▶ _Description of the task_
Give back all of the data exactly as it stands, with the pictures removed.

▶ _Provided material_
###
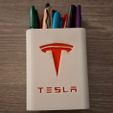 Pot-a-crayon-Tesla-fond-rouge.jpg Pot à crayons ou porte brosses à dents, etc.  Tesla 12x8x6 cm – Bi-couleur sans AMS – Insert amovible personnalisable – Desk organizer 3D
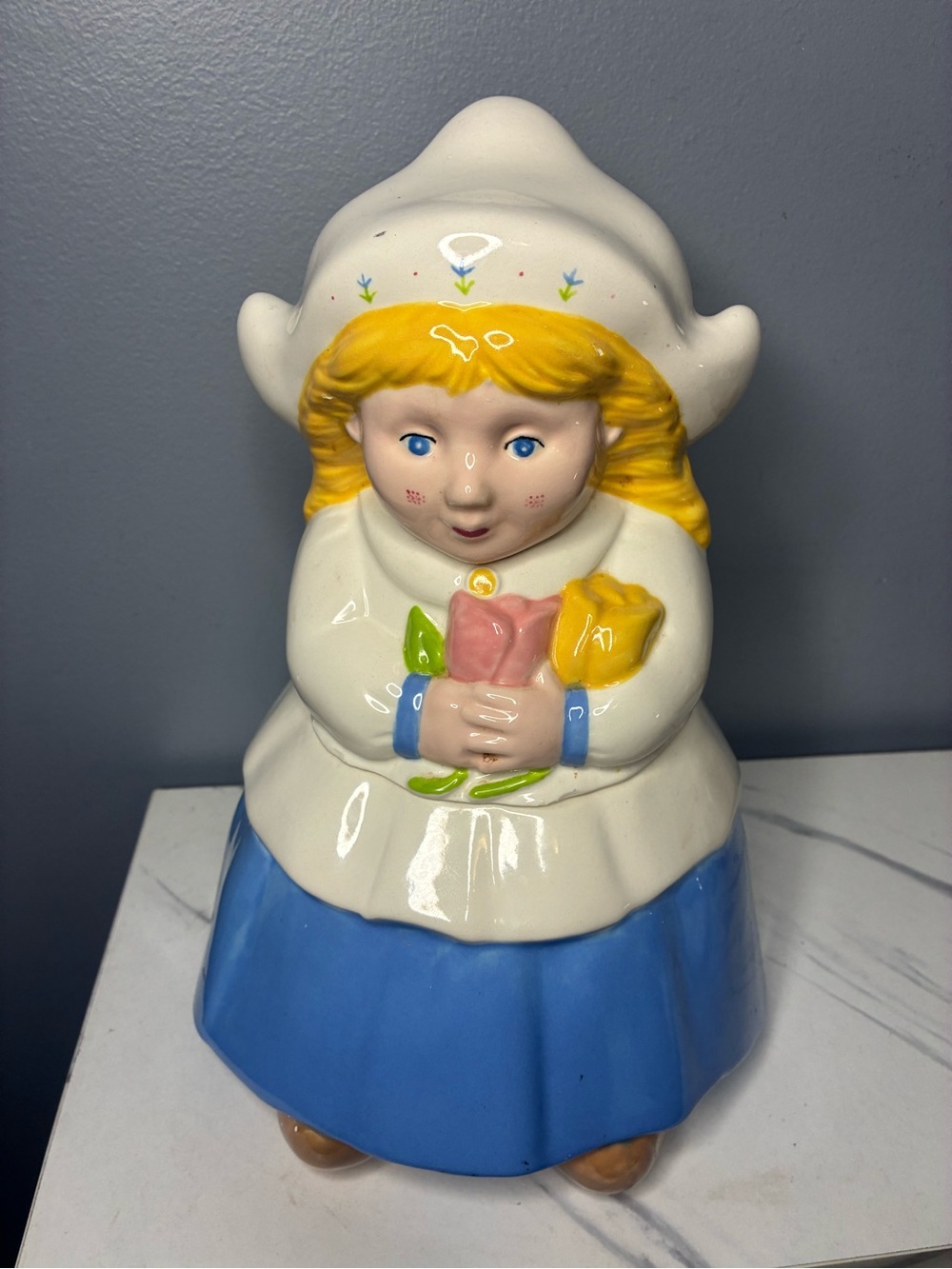 Treasure Craft Mexico Dutch Girl Cookie Jar with Tulips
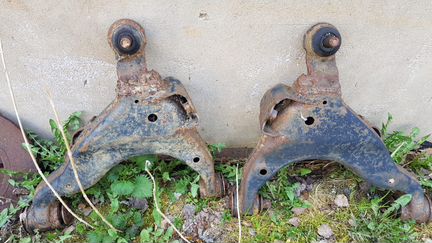 Рычаги передние нижние Toyota Land Cruiser 150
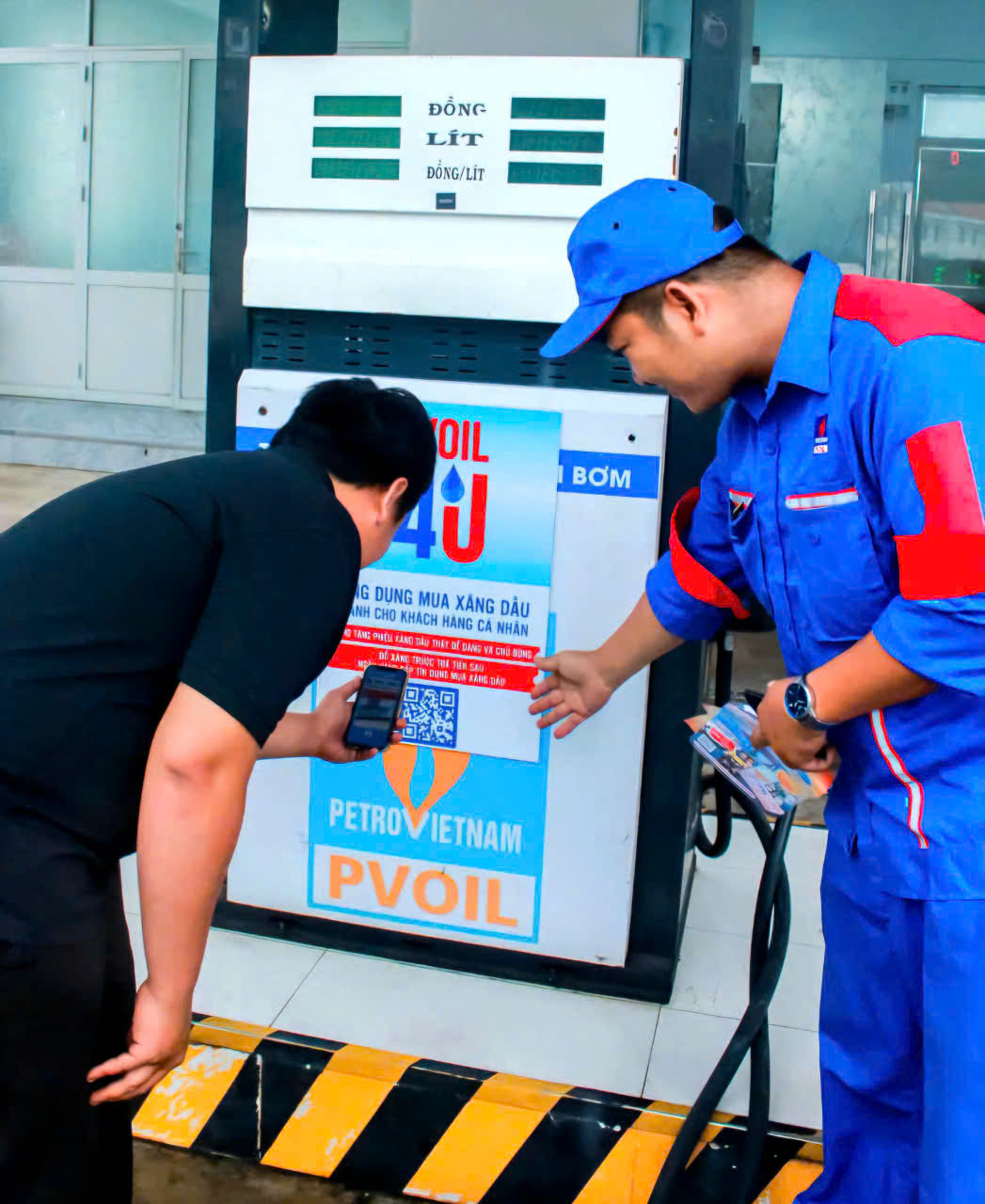 App PVOIL 4U được kh&aacute;ch h&agrave;ng đ&aacute;nh gi&aacute; cao v&igrave; sự tiện dụng, nhanh ch&oacute;ng v&agrave; dễ d&agrave;ng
###
▶ _Exercise response_
 Pot-a-crayon-Tesla-fond-rouge.jpg Pot à crayons ou porte brosses à dents, etc.  Tesla 12x8x6 cm – Bi-couleur sans AMS – Insert amovible personnalisable – Desk organizer 3D
 Treasure Craft Mexico Dutch Girl Cookie Jar with Tulips
 Рычаги передние нижние Toyota Land Cruiser 150
 App PVOIL 4U được kh&aacute;ch h&agrave;ng đ&aacute;nh gi&aacute; cao v&igrave; sự tiện dụng, nhanh ch&oacute;ng v&agrave; dễ d&agrave;ng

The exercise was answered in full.